David Bowie’s 1971 homage to Lou Reed and the Velvet Underground, from the classic (and eclectic) “Hunky Dory” album. One of Bowie’s best balls-to-wall rock songs and one that never fails to have me bouncing around the room.  Brilliantly used on the trailer for Jason Reitman’s painful and acidic 2011 comedy “Young Adult.”

“Young Adult” (2011) dir. Jason Reitman / scr. Diablo Cody


One of the best and most underrated comedies of late is Jason Reitman and Diablo Cody’s 2011 film “Young Adult”. Far better than their previous collaboration (2007’s “Juno”), “Young Adult” boasts Oscar-worthy performances by Charlize Theron and Patton Oswalt and is far more complex than its (fairly funny) preview would make you think.

The plot does seem sitcom simple: high school queen bitch who made good goes back to her hometown under the delusion she can get her now-married boyfriend back. However, while Theron does play a fairly rotten human being, it’s far from a one-dimensional portrayal. Like everyone else, her character has had her share of disappointments and heartbreak. Theron does make you feel for her, even though (as said earlier) her character is pretty awful.

Conversely, the people around her (who would normally be her straight, normal foils) are not let off the hook, either. While they are much better people than Theron’s character, Cody shows that they have their own human moments, as well. Patton Oswalt’s disabled character drowns his bitterness in booze and self-pity. Her otherwise nice and easy-going ex-boyfriend has a subtle, but unmistakable moral lapse. Even her ex-boyfriend’s wife, who is seen as flawless, has her own issues. If not, then why would she invite her husband’s bitchy ex-girlfriend to her baby shower unless it was meant as a subtle (or not-so-subtle) “f–k you”?

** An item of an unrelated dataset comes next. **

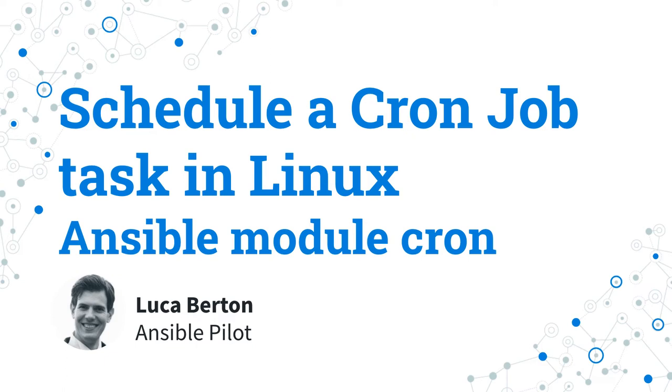How to schedule a cron job task in Linux with Ansible? I'm going to show you in a live demo with some simple Ansible code.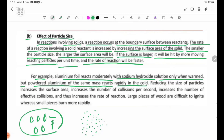In this case, we have aluminum powder with sodium hydroxide solution, so let's take a look at this.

All of this may sound heavy handed, but Reitman/Cody handle it in a wonderfully subdued manner. One of the film’s strengths is how so much detail is conveyed about each character without calling attention to it. It’s not what I would call a “feel-good” comedy, but it’s often hilarious in a “hide your eyes and cringe” kind of way. If you’re a fan of Larry David or Louis C.K., you’ll probably dig it.